The adverse selection death spiral has reared its ugly head again. PacAdvantage, an insurance pooling company for 6000 small and medium sized businesses in California has closed its doors. The Sacramento Business Journal reports (“Backer pulls plug on PacAdvantage health purchasing pool“) that the three remaining insurers underwriting the plan have pulled out. Michael Holt of The Health Care Blog analyzes has some perceptive analysis of the situation:
“What happens to voluntary purchasing pools? Simple economics—they only get customers who can’t get a better deal in the underwritten insurance market and so they go into a death spiral where the people in them are too sick to be supported by the premiums they charge. Today PacAdvantage announced that it was closing down, throwing 110,000 people into the small group and individual market, where by definition, no insurer wants them (unless they’re like me—very lucky).
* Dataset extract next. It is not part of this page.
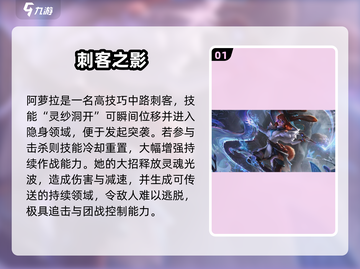 🎮英雄联盟手游6.2新英雄曝光！🔥截图2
PacAdvantage is the type of organization that our friends in the ‘voluntary universal insurance’ world (Cato, Galen et al) think is going to solve all of our problems, with no need for pesky mandates to buy insurance, or for community rating, or standardized benefits packages.”
In my June 15th post, I mentioned Cutler and Zeckhauser’s 1997 paper which discussed this concept of an adverse selection death spiral in the context of Harvard’s employee health insurance plans.